The race saw defending WTS and Commonwealth Champion Flora Duffy (Bermuda) dominate the run to continue her incredible season ahead of Katie Zaferes (USA) with former World Champion Non Stanford (Great Britain) holding onto third ahead of Gentle.

The never-say-die Australian powered home on the run after she came out of the water in 34th position – leaving her well off the leaders and in a chase pack left to do a power of work and 1:15 behind the leading group of nine.
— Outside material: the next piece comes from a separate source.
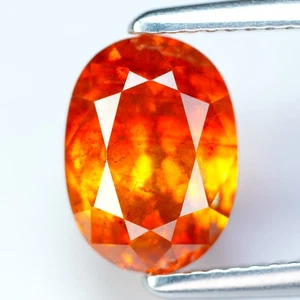 5,13 ct Fair Perfect Oval 10,5 x 7,7 mm 100 % Natürlicher Orange Spanien Sphalerit - Bild 1 von 8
Undeterred, last year’s WTS silver medallist, got the bit between her teeth and ran past six runners – including three fellow Australians – Backhouse, Abu Dhabi WTS bronze medallist and training partner Van Coevorden and last week’s Chengdu World Cup winner Jeffcoat.

The third member of Australia’s Games team, McShane also produced a stirring 10km run to also come from the chase pack to finish 9th.

Gentle clocked the second fastest 10km split of the day with her 33.54 to finish 1.37 behind winner Flora Duffy (33.26) and got to within 21sec of bronze medallist Non Stanford (GBR) in third.

Meanwhile Albury’s Justin Godfrey continued his PTS3 category dominance with a season opening victory in the first round of the World Paratriathlon Series.

It was Godfrey’s 11th major international career victory and a 15th podium finish – his third win of 2018.

The 34-year-old triple world champion led the Australian contingent to a three medal haul in perfect conditions.

Other medals went to:

Newcastle’s Commonwealth Games bronze medallist Lauren Parker who finished with a hard fought silver – after leading for the first 3.5km of the 5km run leg and despite missing the finish shoot and having to push an extra 500 metres – which made no difference to the places.

And WA’s two-time ITU world champion Sally Pilbeam who was third in the PTS4 category.

In other results were: Nic Beveridge (6th PTWC); Sara Tait (6th PTWC); Brant Garvey (6th PTS2);Josh Kasulke (7th PTS5) and Jonathan Goerlach (7th PTVI).